The Supreme Court blocked the Trump administration Thursday from going ahead with its plan, announced in 2017, to end a program called DACA that protects about 700,000 young immigrants known as Dreamers from deportation.
The ruling did not address the merits of the program or the decision to end it; the court ruled only on whether the administration had acted lawfully in trying. The White House is free to try again.
Still, the 5-4 ruling, with Chief Justice John Roberts joining with the court’s four more liberal justices, was a significant setback for President Donald Trump, who had promised in his election campaign to “immediately terminate” the program.
Here’s what DACA, or the Deferred Action for Childhood Arrivals program, is all about.
What is DACA?
The program was introduced in 2012 by President Barack Obama as a stopgap measure to shield from deportation people who were brought into the United States as children and did not have citizenship or legal residency status. The protection lasts for two years at a time and is renewable. The program does not provide a pathway to citizenship.
Participation in the program comes with a range of benefits. Along with permission to remain in the country, recipients can also get work permits and can obtain health insurance from employers who offer it.
The ability to work legally has also allowed them to pay for school, pursue higher education and, in some states, to obtain driver’s licenses. They can qualify for in-state tuition and state-funded educational grants and loans in some states. Depending on where they live, they may also qualify for state-subsidized health insurance.
Where does DACA stand now?
Since the Trump administration moved to end it in 2017, no new applications have been accepted, but immigrant advocates have managed to keep it partially alive for existing participants through legal challenges. Lower courts have decided that people who already have protected status would be able to renew it until the Supreme Court issued a final ruling.
The court’s decision Thursday maintains that status quo. The Trump administration must now either give up trying to end DACA, or else provide a lower court with a more robust justification for ending it than it has offered so far. That process is likely to take many months, putting the administration’s assault on the program in limbo until after the November election.
Who are the Dreamers?
DACA recipients are often referred to as Dreamers, after a similar piece of legislation called the Dream Act, which was introduced in 2001 and would have given its beneficiaries a path to U.S. citizenship as well as protection from deportation.

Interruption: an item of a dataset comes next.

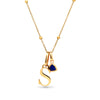 Personalized Initial & Droplet Birthstone Necklace (Gold)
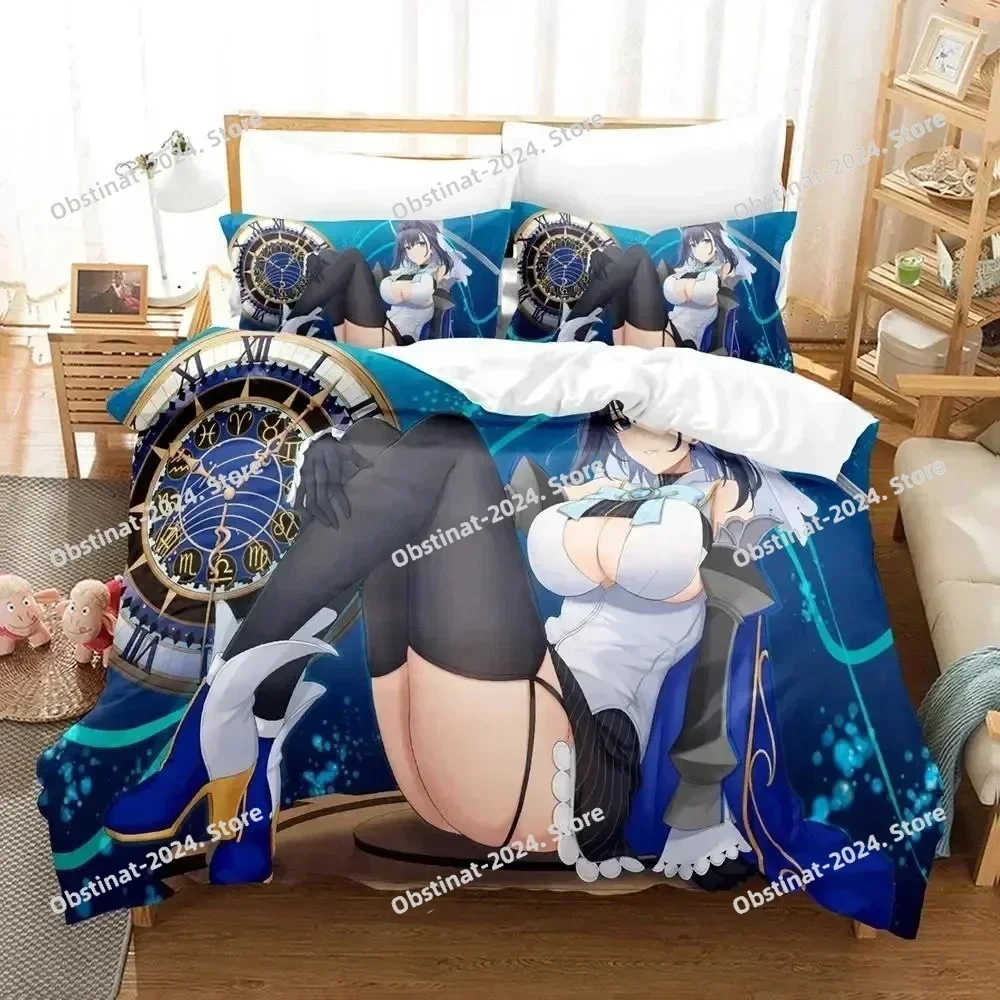 3D Anime Ouro Kronii Bedding Set Printed single Comforter Quilt Bed Cover Duvet Cover Pillow Case 3 Pieces Sets Kids Adult Size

On average, people shielded by DACA are now in their mid-20s; the oldest are in their late 30s. The vast majority were brought to the United States from Mexico, although many others were born in Central or South America, Asia or the Caribbean.
To qualify, an applicant had to be enrolled in high school or already have a diploma or GED, or have served in the military. Contrary to what Trump has said, people with serious criminal histories (meaning a felony or serious misdemeanor conviction, or three convictions for any type of misdemeanor) are not eligible.
Why was the DACA program begun?
Obama created it through an executive order in 2012 after more than a decade of failed negotiations in Congress over how to deal with the Dreamers. The Dream Act was never passed, but it gained widespread support among voters and, at various points, in each house of Congress.
Why is Trump trying to eliminate it?
After equivocating publicly over the program, Trump announced in 2017 that he would end DACA after nine conservative state attorneys general with hard-line views on immigration threatened to sue him, arguing that Obama had overreached his authority in creating it. Trump called on Congress to come up with a replacement.
His rescission order offered only the overreach argument, not any other reason for scrapping the program. The Supreme Court ruled Thursday that it was not legally sufficient.